AVAILABLE RECORDS START

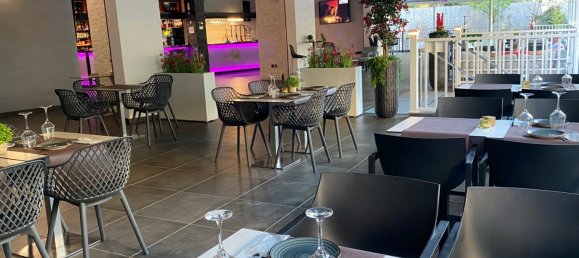 Gewerbliche Immobilie in Salou, Spain 400m², Nr. 3111 4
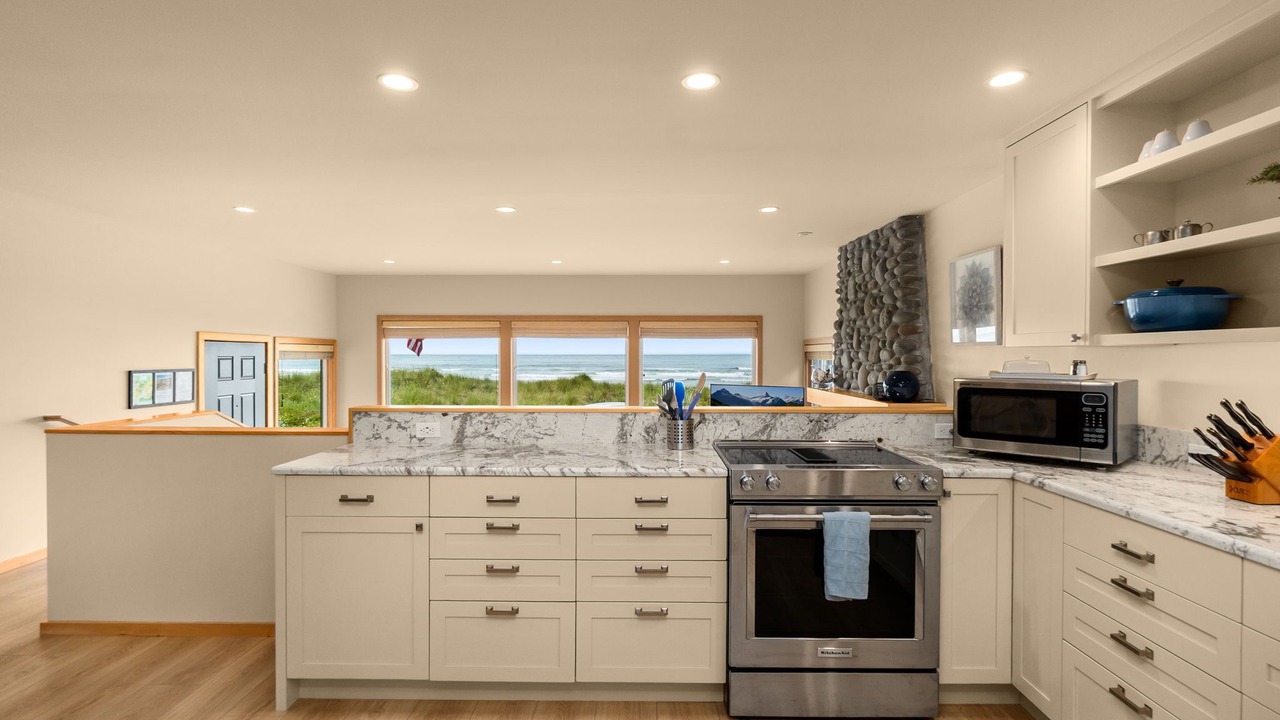Photo of Kitchen in Manzanita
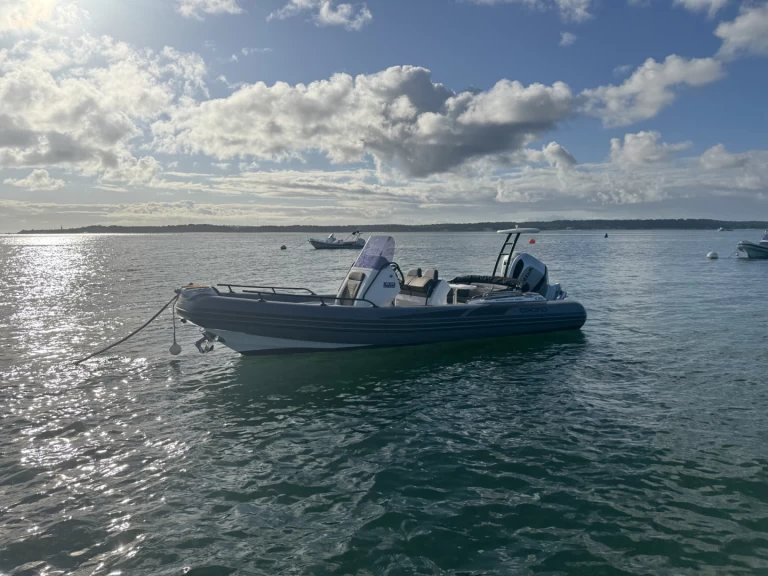 Louer Semi-rigide avec ou sans skipper Grand Boats à Bélisaire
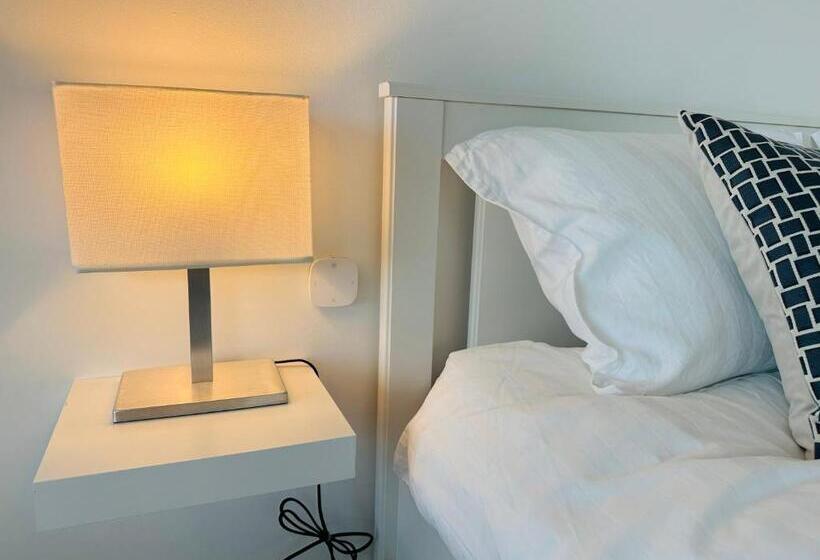 پانسیون Waterfront Fjord House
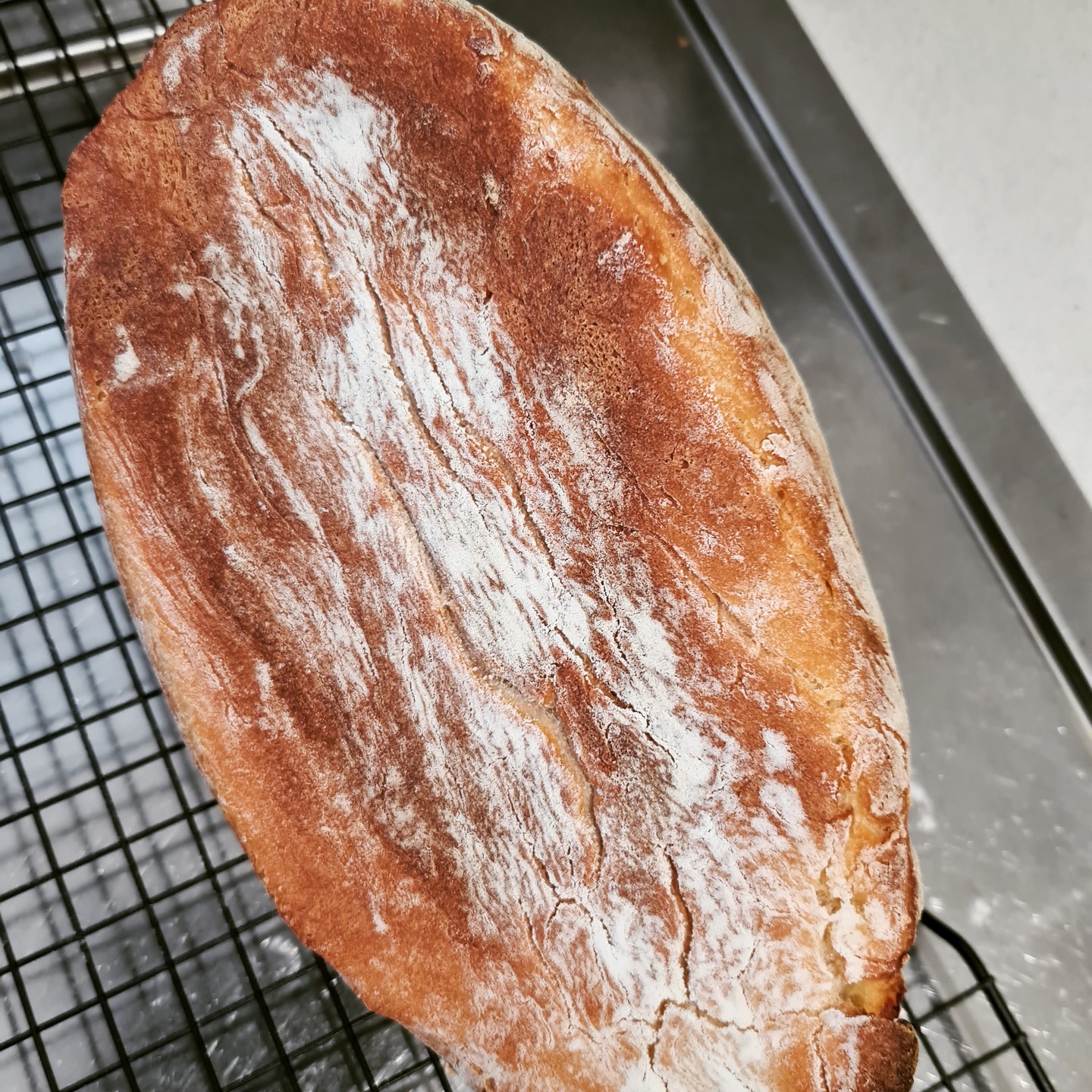 Cooked to perfection !!!! Crusty base. Tap the base, if firm and echoes its cooked!!

Ingredients used: 450g of quality baking flour , 330ml of water, 10g dry yeast, 1 tablespoon salt , 3 Tablespoons of STAMPA extra virgin olive oil. Ensure you allow to rise for approx 8 hours prior to cooking. After 8 hours roll to desired shape leave for 15-20mins then bake at 220 - 240 degrees depending on oven. This should take approx 35mins. Leave to cool down in warm oven. 
#eat #eatorganic #eathealthy #healthyfood #food #foodie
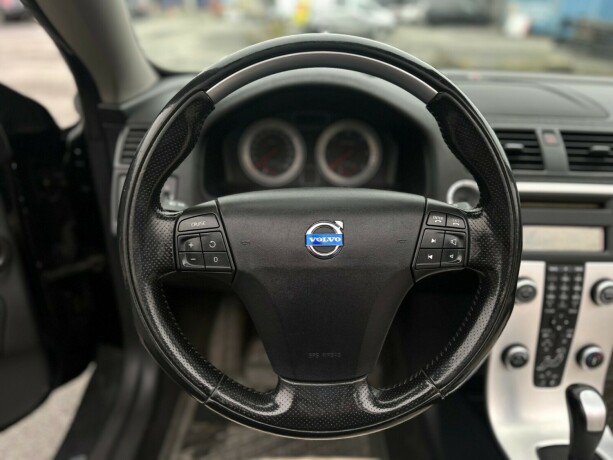 volvo-c70-diesel-2010-big-27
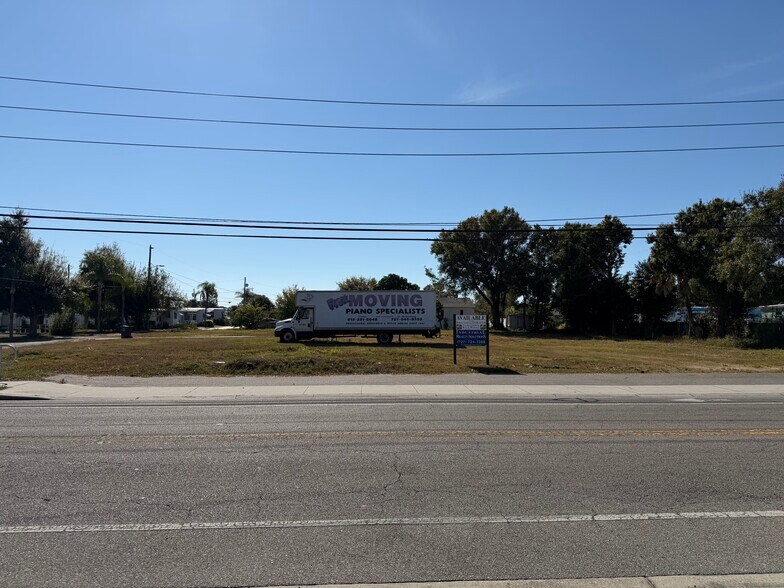 7510 46th Avenue North, Saint Petersburg, FL à vendre - Photo de l’immeuble – Image 3 sur 7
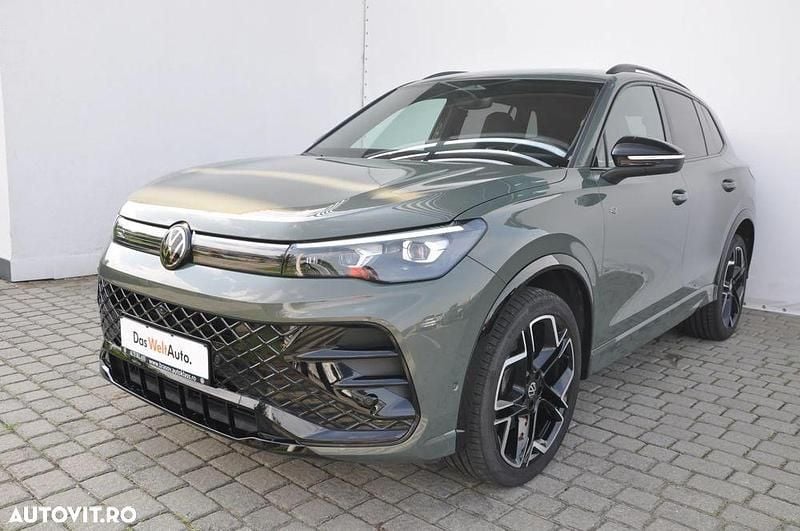 Verde mediu normal Utilizat 2024 VW Tiguan R-line SUV | 45.655 EUR - Imagine 1/4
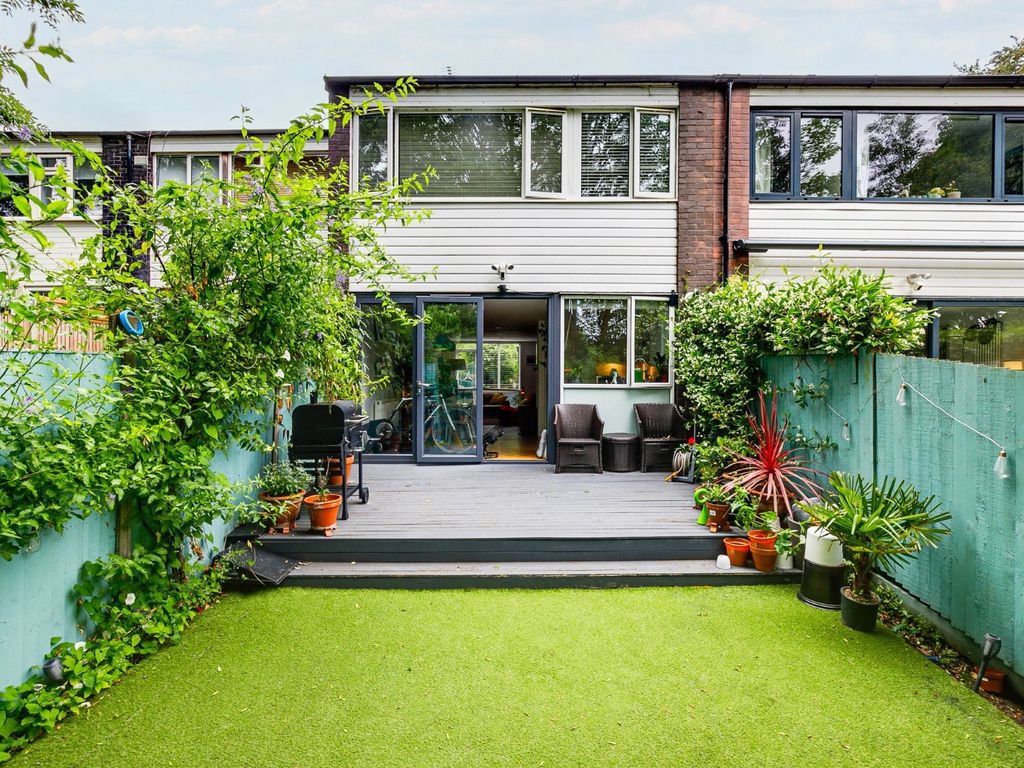 3 bed detached house for sale in Shepherds Close, Highgate, London N6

AVAILABLE RECORDS END

### EXERCISE
None of the pictures should appear, though every line of the data above must be reproduced exactly.

### EXERCISE ANSWER
 Gewerbliche Immobilie in Salou, Spain 400m², Nr. 3111 4
Photo of Kitchen in Manzanita
 Louer Semi-rigide avec ou sans skipper Grand Boats à Bélisaire
 پانسیون Waterfront Fjord House
 Cooked to perfection !!!! Crusty base. Tap the base, if firm and echoes its cooked!!

Ingredients used: 450g of quality baking flour , 330ml of water, 10g dry yeast, 1 tablespoon salt , 3 Tablespoons of STAMPA extra virgin olive oil. Ensure you allow to rise for approx 8 hours prior to cooking. After 8 hours roll to desired shape leave for 15-20mins then bake at 220 - 240 degrees depending on oven. This should take approx 35mins. Leave to cool down in warm oven. 
#eat #eatorganic #eathealthy #healthyfood #food #foodie
 volvo-c70-diesel-2010-big-27
 7510 46th Avenue North, Saint Petersburg, FL à vendre - Photo de l’immeuble – Image 3 sur 7
 Verde mediu normal Utilizat 2024 VW Tiguan R-line SUV | 45.655 EUR - Imagine 1/4
 3 bed detached house for sale in Shepherds Close, Highgate, London N6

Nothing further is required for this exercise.